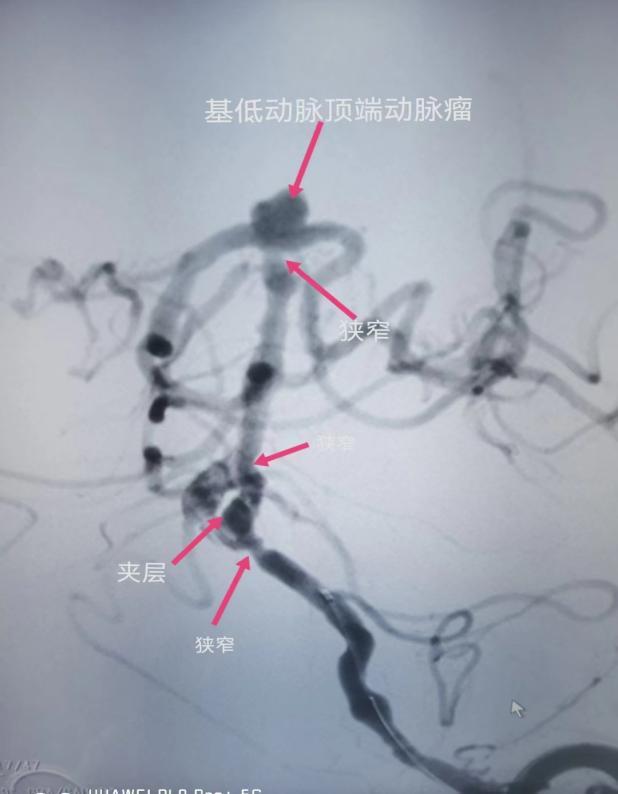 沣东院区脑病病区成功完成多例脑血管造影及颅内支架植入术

==

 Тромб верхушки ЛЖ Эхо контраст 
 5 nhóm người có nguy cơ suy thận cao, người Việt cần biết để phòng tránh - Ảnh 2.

--

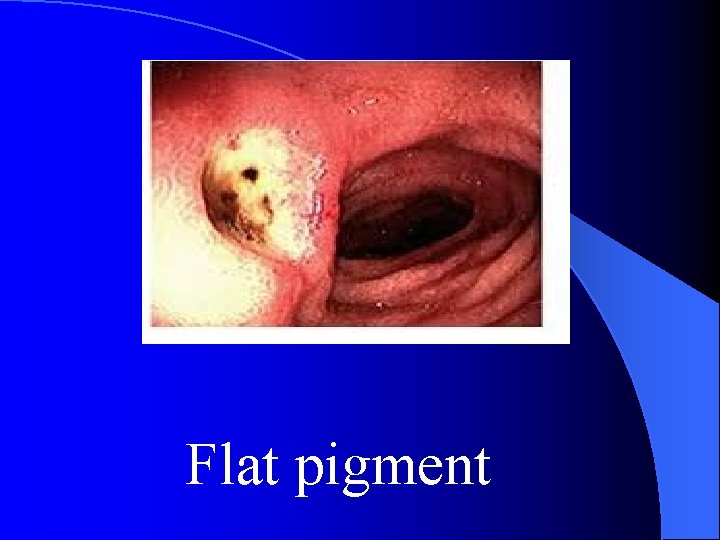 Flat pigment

§ DESCRIPTION OF THE TASK: All lines above between those holding "Тромб верхушки ЛЖ Эхо контраст" and "5 nhóm người", inclusive, must be set down unchanged, and no other line may be included.

§ YOUR RESPONSE:
 Тромб верхушки ЛЖ Эхо контраст 
 5 nhóm người có nguy cơ suy thận cao, người Việt cần biết để phòng tránh - Ảnh 2.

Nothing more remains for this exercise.